What this task involves — The required answer is an exact copy of every line from the beginning of the entries through the line with "Collared abaya with embroidery- Beige Collared", with all pictures omitted.

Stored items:
<<<<

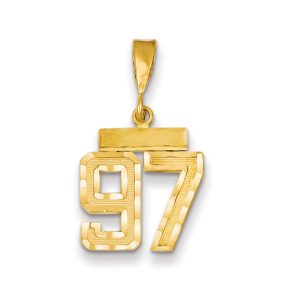 14k Yellow Gold, Varsity Collection, Small D/C Pendant Number 97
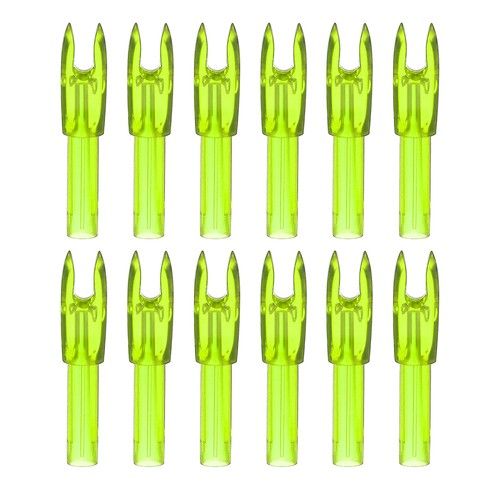 12 Pack Archery Arrows Nocks 4.2mm Plastic Insert Arrow Nock, Clear Yellow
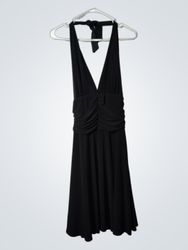 White House Black Market Halter Neck Ruched Midi D..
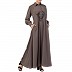 Collared abaya with embroidery- Beige Collared abaya with embroidery- Beige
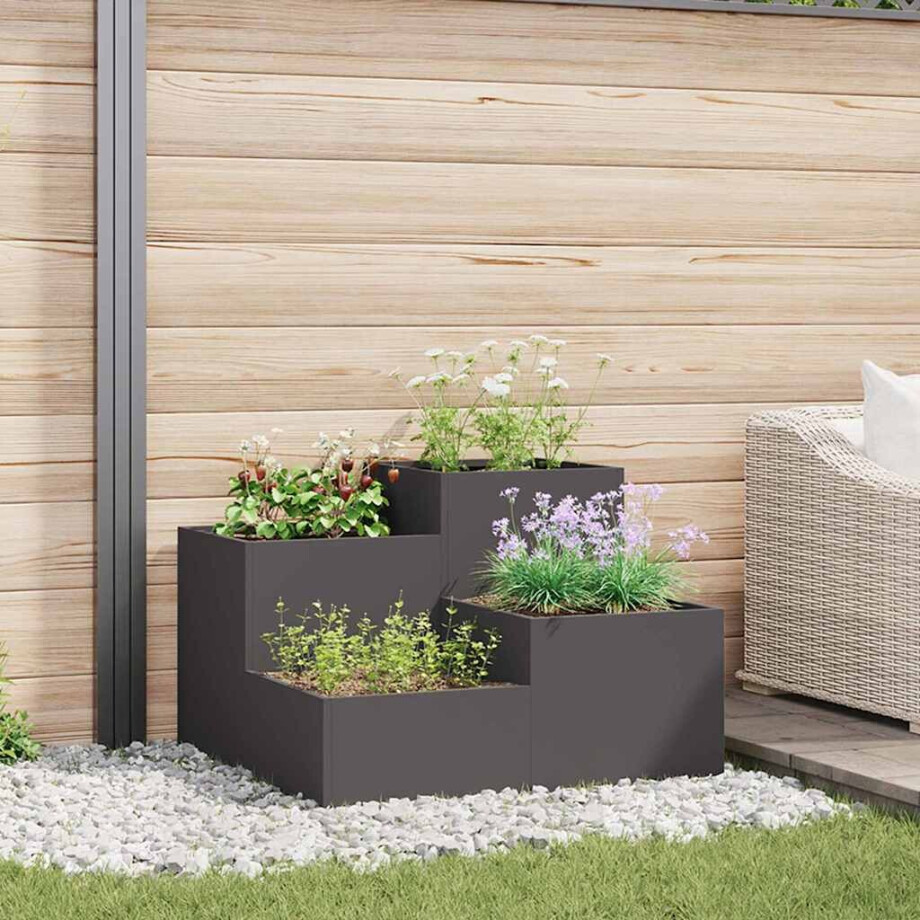 vidaXL Tuin Bloempot Zwart 80 x 80 x 60 cm Staal afbeelding 1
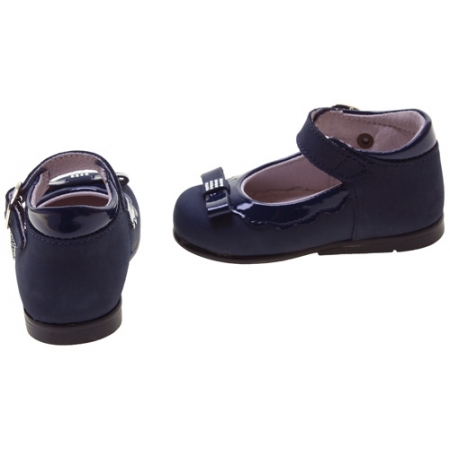 Girls Navy Leather Made In Italy Shoes Decorated With Bows #3
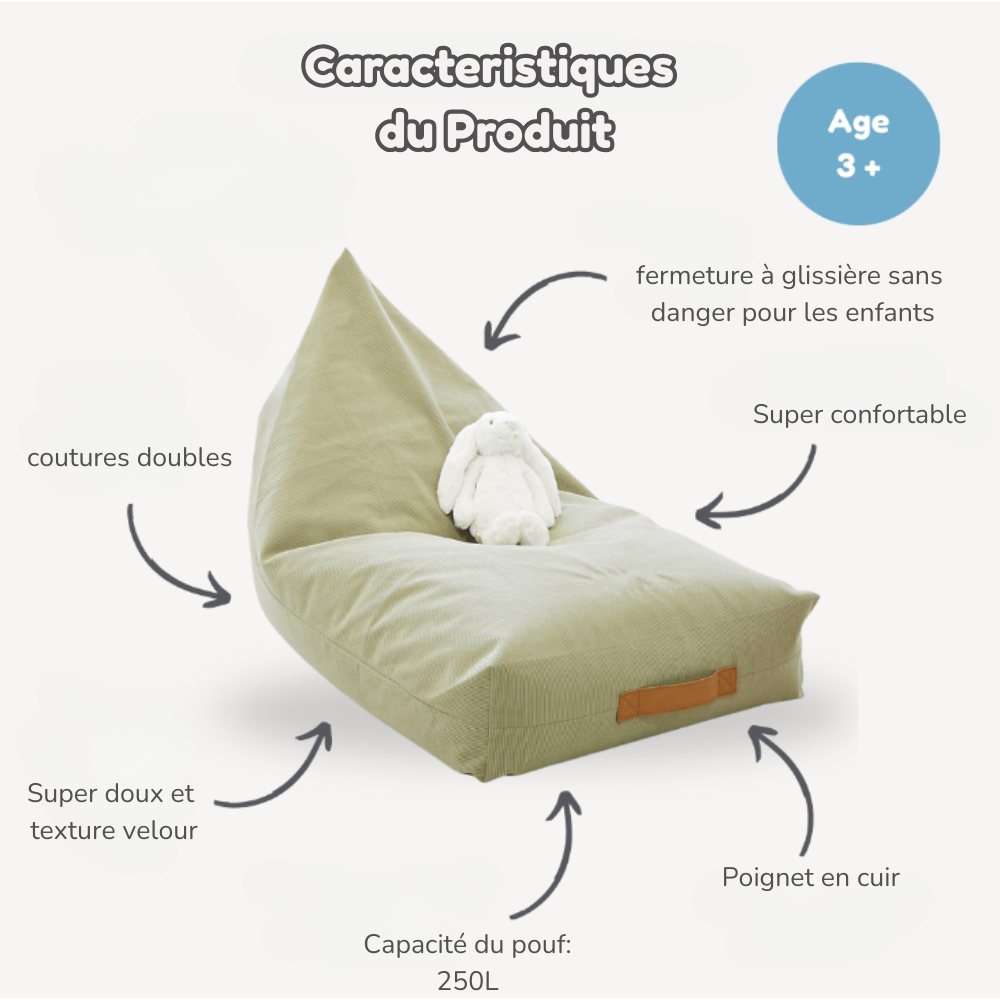 Pouf Arya en Velours Côtelé – Le cocon personnel de votre enfant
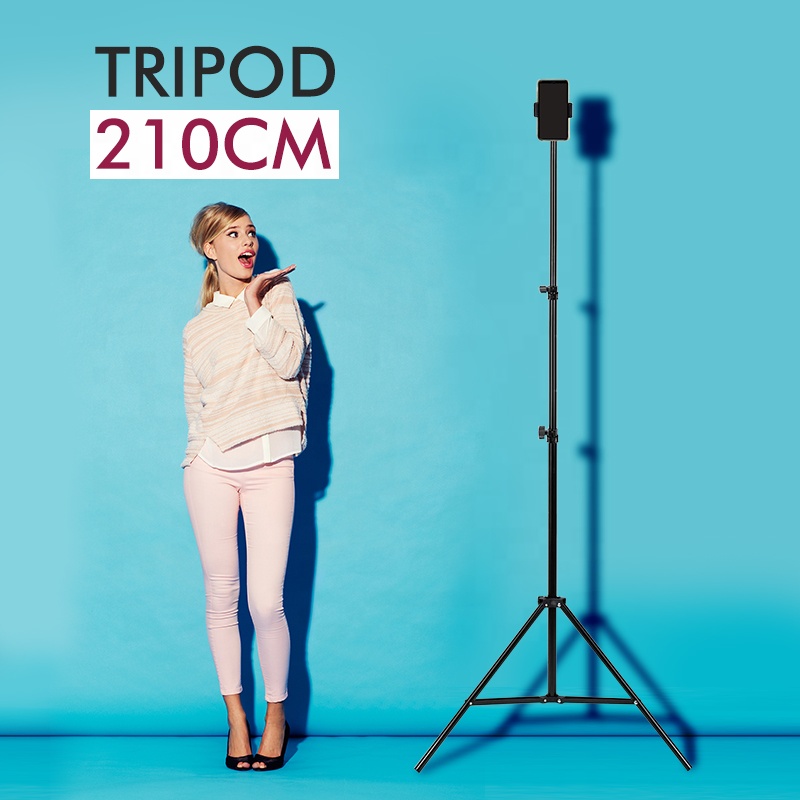 Ring Light With Tripod Stand 210cm Foldable Height Adjustable Tripod For Phone Selfie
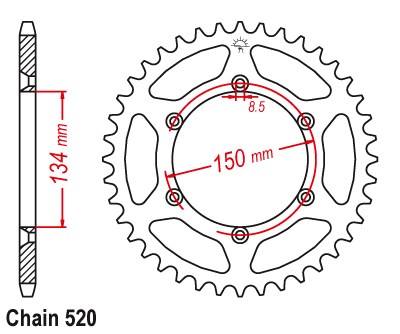 Zębatka tył FRANCE EQUIPEMENT - kx / klx / kxf 125 / 250 / 450 - SR460FE-49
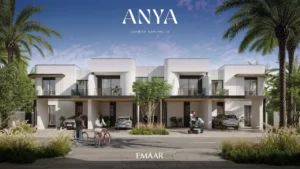 Anya at Arabian Ranches 3 by Emaar Properties contemporary townhouse front elevation with landscaped surroundings and private parking in Dubai Presented by Tohid Fetrat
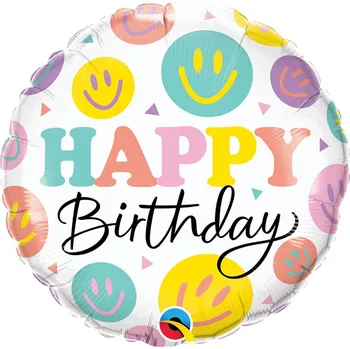 Balónek Všechno nejlepší k narozeninám - fóliový balónek Barevní smajlící, 18 palců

>>>>

Result of the task —
 14k Yellow Gold, Varsity Collection, Small D/C Pendant Number 97
 12 Pack Archery Arrows Nocks 4.2mm Plastic Insert Arrow Nock, Clear Yellow
 White House Black Market Halter Neck Ruched Midi D..
 Collared abaya with embroidery- Beige Collared abaya with embroidery- Beige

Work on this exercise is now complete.